(Captioned web image data)
====
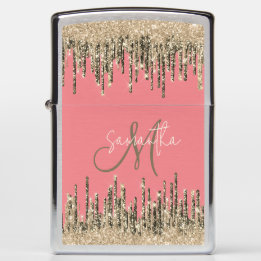 Girly Glam Gold Glittery Tropfens Monogram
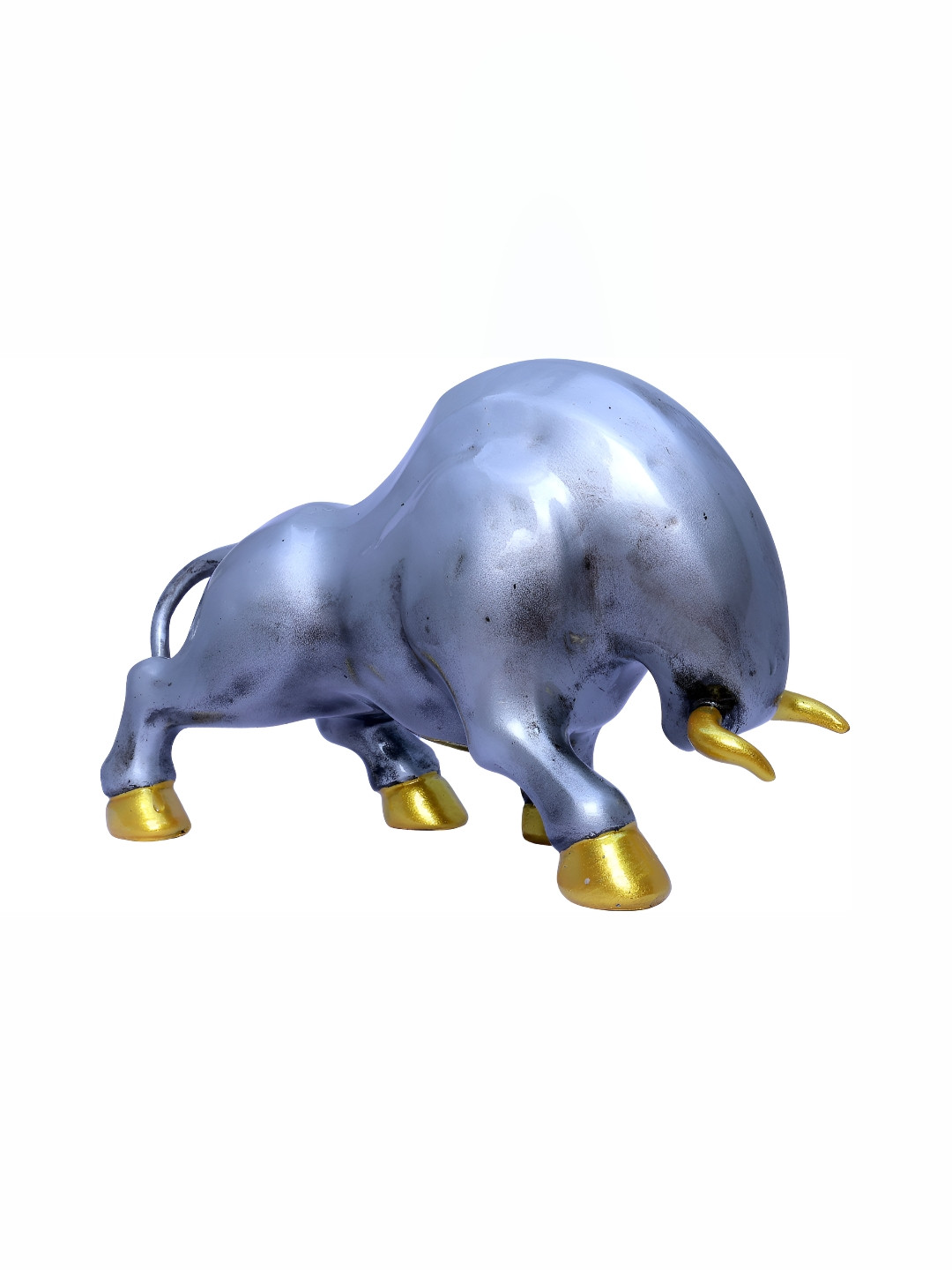 GW CREATIONS Silver Toned & Gold Toned Bull Figurine Showpiece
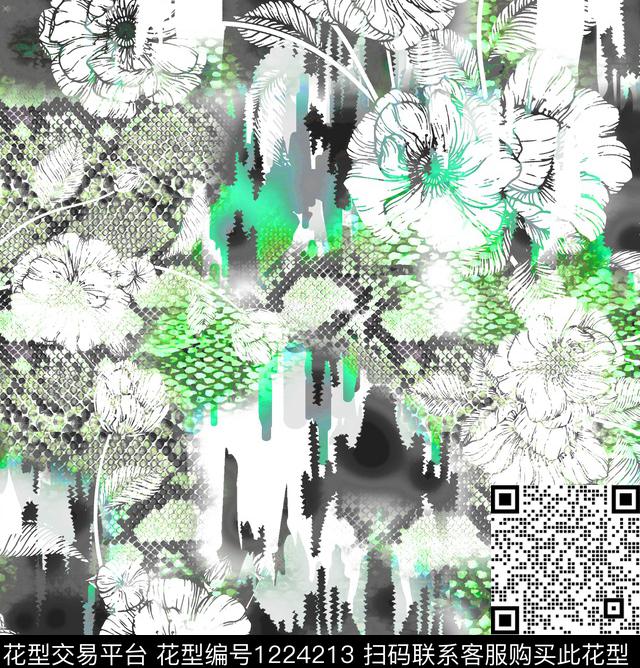 抽象花卉动物纹女装数码印花华亿平台下载（图片编号: 1224213） - 瓦栏（Walan）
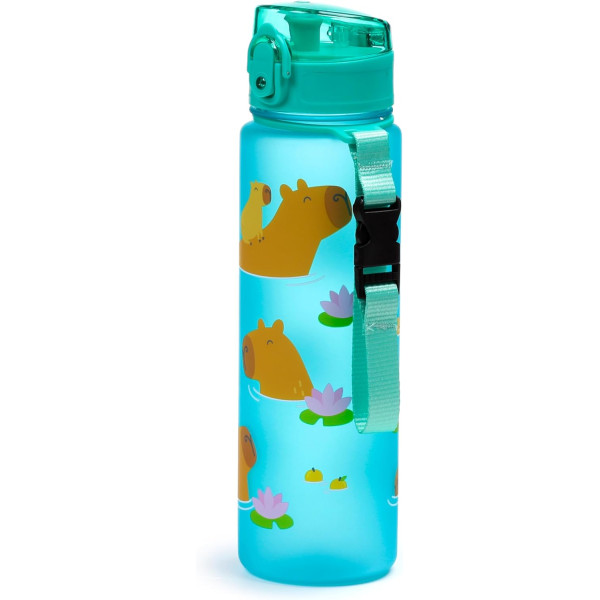 Gourde - Avec paille intégrée - Plastique sans BPA - 600ml - Enfant - Motif animal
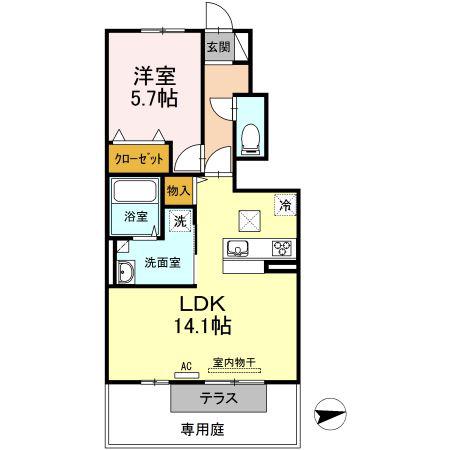 高松琴平電鉄長尾線 元山駅(高松) 徒歩24分 2階建 築9年(1LDK/1階)の間取り写真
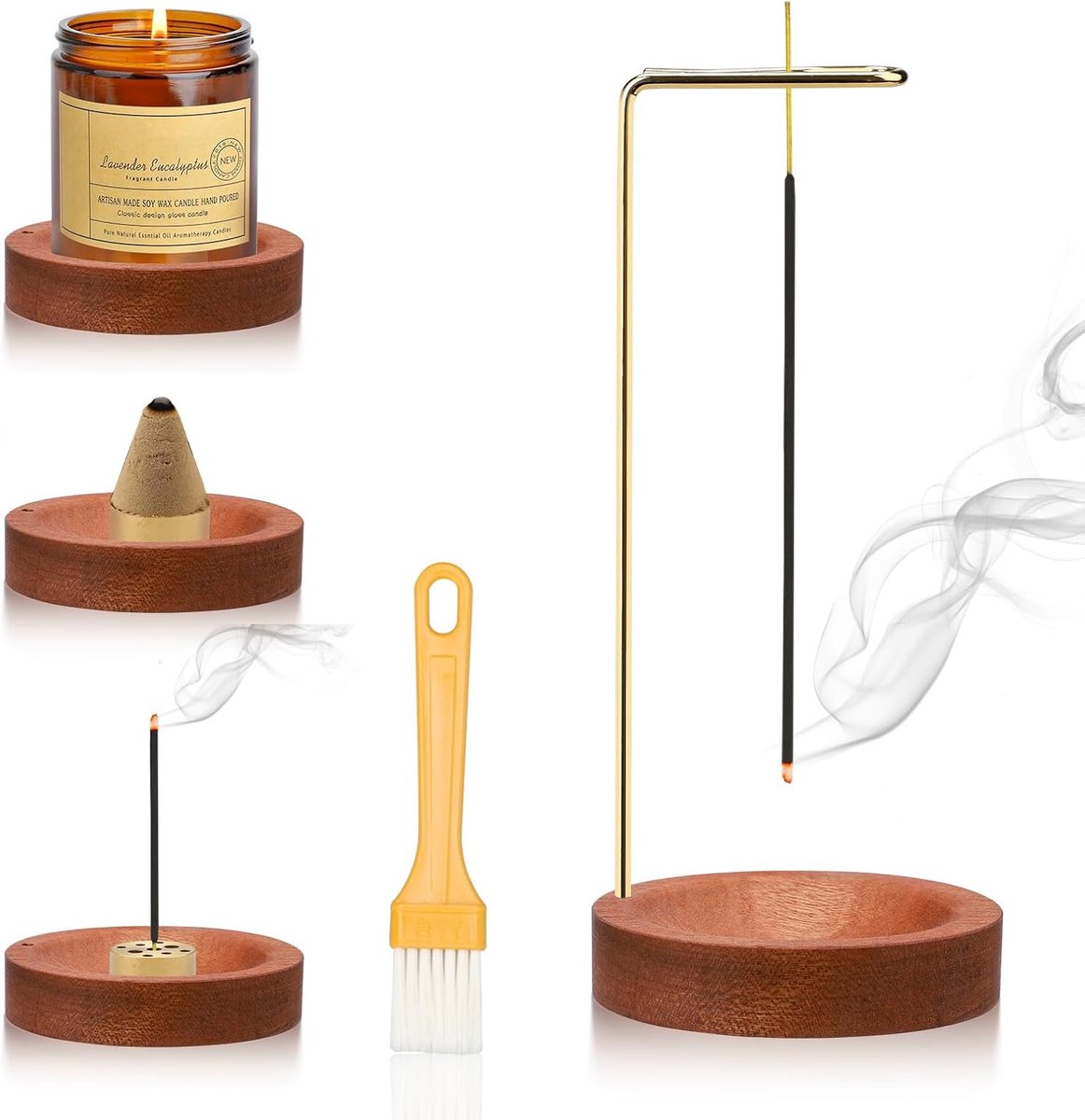 Incense Stick Holder, 3 in 1 Handmade Wooden Round Base Incense Cone Holder Modern Design with Cone Coil, 9 Hole - ShopVlot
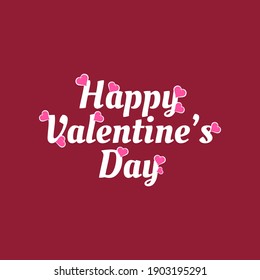 Happy valentine's day typography lettering of text and and red background. vector illustrtation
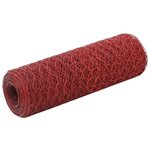 vidaXL Grillage Acier avec revêtement en PVC 25x0 5 m Rouge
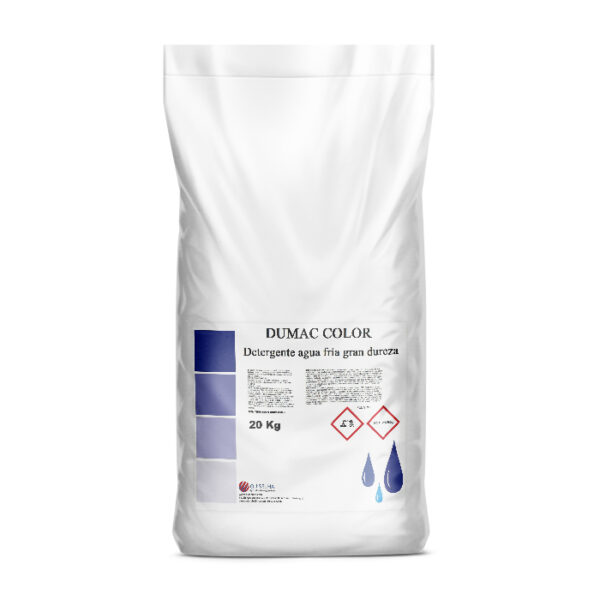 DUMAC COLOR<br>Detergente en polvo agua fría gran dureza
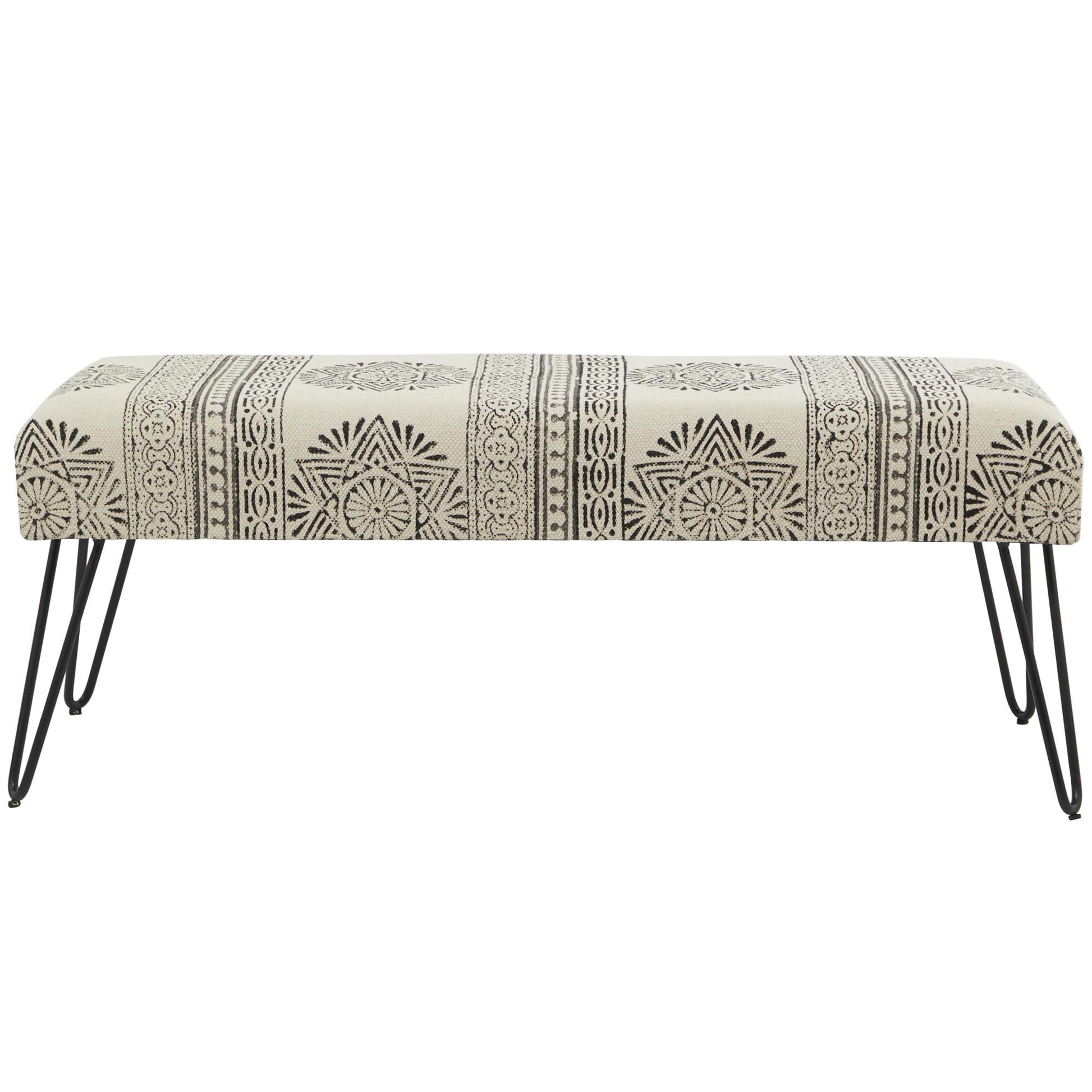 Tribal Cotton Fabric Home Bench with Metal Hairpin Legs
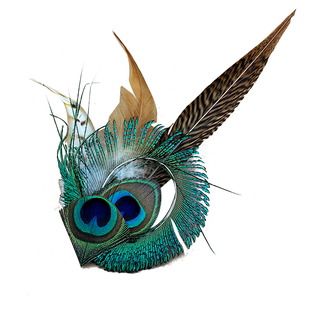 DY欧美复古宫廷头饰民族风孔雀羽毛胸针司仪胸花包邮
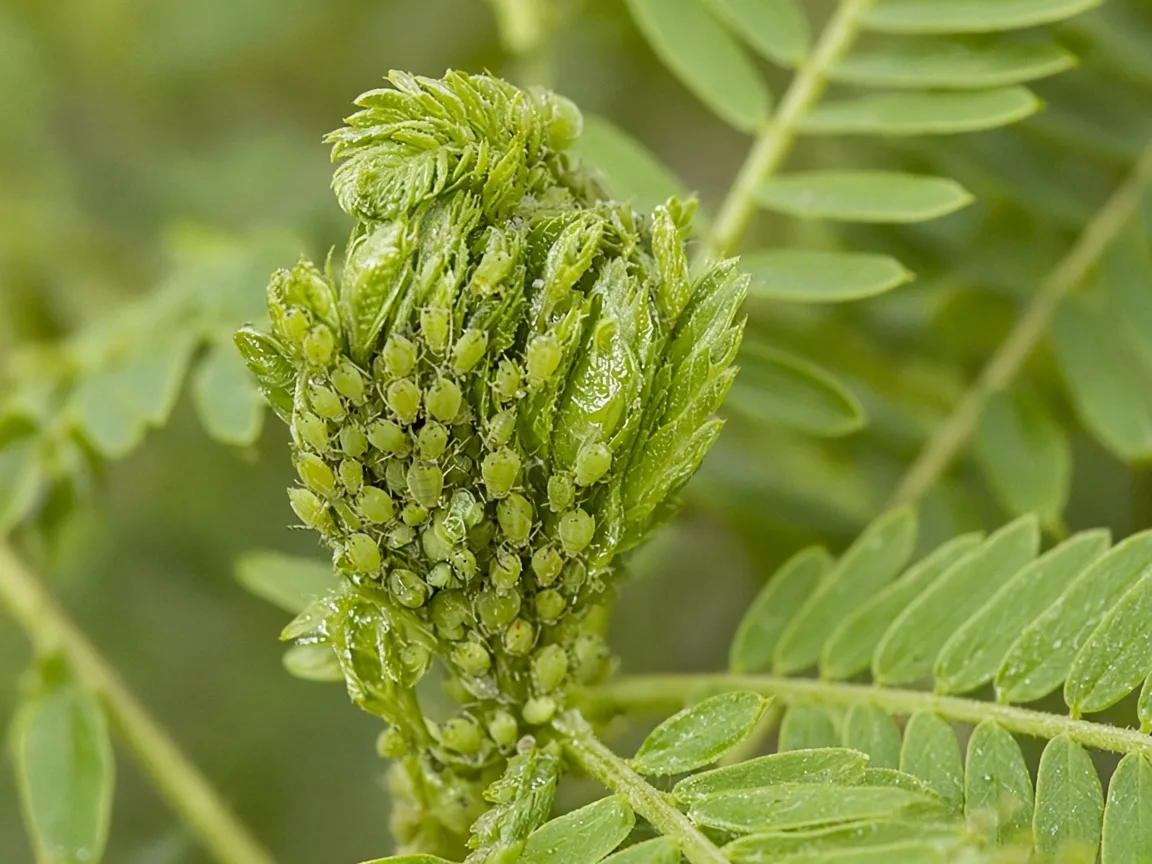 Close-up of soft green aphids clustered on feathery new Amla branchlet leaves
====
_Assignment_
Your response must reproduce every line of the data exactly, with images omitted.

_Solution to this problem_
 Girly Glam Gold Glittery Tropfens Monogram
 GW CREATIONS Silver Toned & Gold Toned Bull Figurine Showpiece
 抽象花卉动物纹女装数码印花华亿平台下载（图片编号: 1224213） - 瓦栏（Walan）
 Gourde - Avec paille intégrée - Plastique sans BPA - 600ml - Enfant - Motif animal
 高松琴平電鉄長尾線 元山駅(高松) 徒歩24分 2階建 築9年(1LDK/1階)の間取り写真
 Incense Stick Holder, 3 in 1 Handmade Wooden Round Base Incense Cone Holder Modern Design with Cone Coil, 9 Hole - ShopVlot
 Happy valentine's day typography lettering of text and and red background. vector illustrtation
 vidaXL Grillage Acier avec revêtement en PVC 25x0 5 m Rouge
 DUMAC COLOR<br>Detergente en polvo agua fría gran dureza
 Tribal Cotton Fabric Home Bench with Metal Hairpin Legs
 DY欧美复古宫廷头饰民族风孔雀羽毛胸针司仪胸花包邮
 Close-up of soft green aphids clustered on feathery new Amla branchlet leaves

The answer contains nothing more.